This question is about independence in the ANOVA analysis.
Assume that you have $I\cdot J$ independent random variables $X_{i,j}$. We also assume that each is normally distributed with common mean $\mu$ and common variance $\sigma^2$. Define:
$\bar{X_{i.}}=\sum_{j=1}^JX_{i,j}/J$.
$\bar{X_{..}}=\sum_{i=1}^I\sum_{j=1}^JX_{i,j}/(IJ)$.
$S_i^2=\sum_{j=1}^J(X_{i,j}-\bar{X_{i.}})^2/(J-1)$.
Why are then $\sum_{i=1}^I(\bar{X_{i.}}-\bar{X_{..}})^2$ and $\sum_{i=1}^JS_i^2$ independent?

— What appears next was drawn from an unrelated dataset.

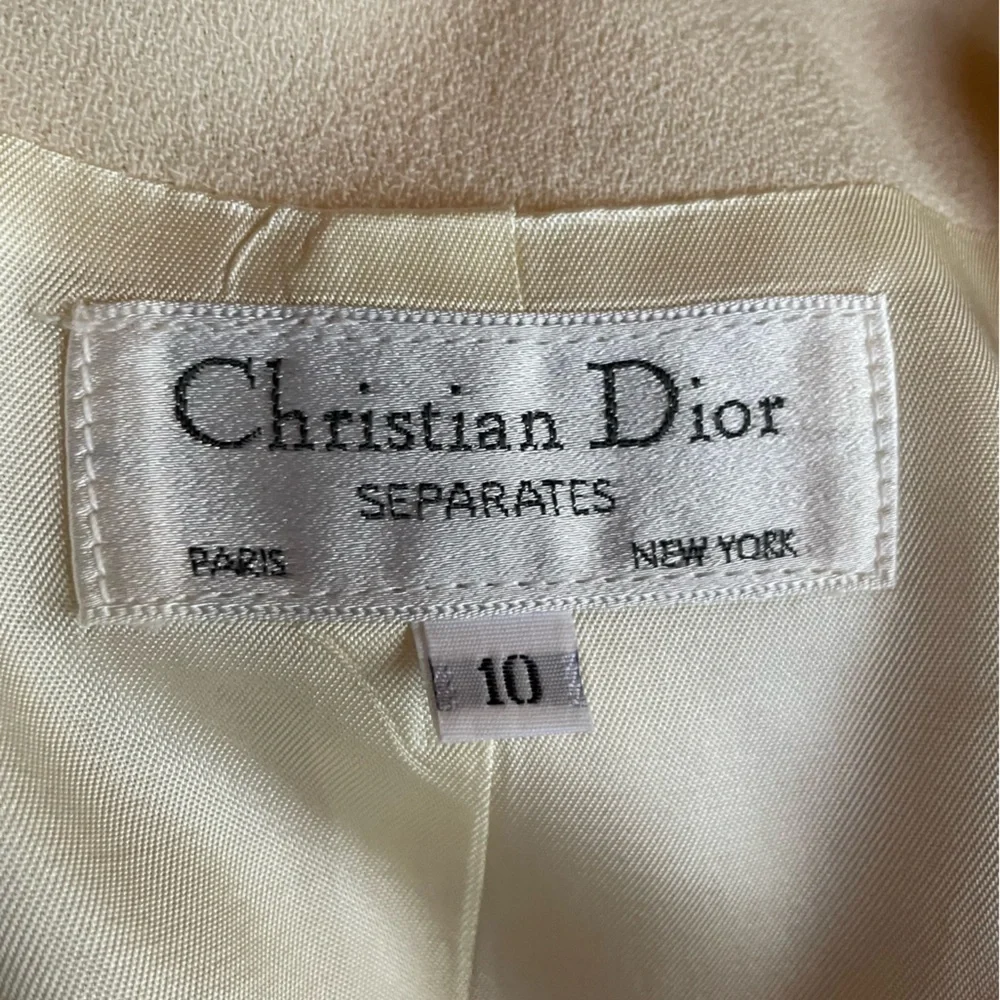 Christian Dior Vintage Minimalist Collarless Coat Suit Jacket Cream Wool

I know that there is a result that says that $\bar{X_{i.}}$ and $S_i^2$ are indpendent. But I do not see how we get independence when we introduce $\bar{X_{..}}$? My book doesn't explain why we have this independence in detail. It says that we have indpendence because the first expression is based on $\bar{X_{i.}}$ and the second expression is based on $S_i^2$.
The result is a consequence of Cochran's Theorem, one of the results of which also states that, if a $\chi^2$ variate $X$ with $n$ degrees of freedom can be written as the sum, $X = X_1 + ... + X_k$ where each $X_i \sim \chi^2_{r_{i}}$ such that $r_1 + ... + r_k = n$, then $X_i$'s are independently distributed.
Notice that the total sum of square can be decomposed into following terms,
$\displaystyle \sum_{i=1}^I\sum_{j=1}^J\left(X_{i,j} - \bar{X}_{..}\right)^2 = \displaystyle \sum_{i=1}^I\sum_{j=1}^J\left(X_{i,j} - \bar{X}_{i.}\right)^2 + \sum_{i=1}^I\sum_{j=1}^J\left(\bar{X_{i.}} - \bar{X}_{..}\right)^2$
Dividing by $\sigma^2$ on both sides,
$\displaystyle \sum_{i=1}^I\sum_{j=1}^J\left(\dfrac{X_{i,j} - \bar{X}_{..}}{\sigma}\right)^2 = \displaystyle \sum_{i=1}^I\sum_{j=1}^J\left(\dfrac{X_{i,j} - \bar{X}_{i.}}{\sigma}\right)^2 + \sum_{i=1}^I\sum_{j=1}^J\left(\dfrac{\bar{X_{i.}} - \bar{X}_{..}}{\sigma}\right)^2$
Futher, since $X_{i,j}$ are normally distributed, the LHS is distributed according to a $\chi^2$ variate with $IJ-1$ degrees of freedom. Also, it can be verified that the term on the extreme right is a $\chi^2$ variate with $I - 1$ degrees of freedom and the term in the middle is the sum of $I$ independent $\chi^2$ variate each with $J-1$ degrees of freedom.
So, we have $IJ - 1 = I(J-1) + (I-1)$.
Hence, by Cochran's theorem, the independence is verified.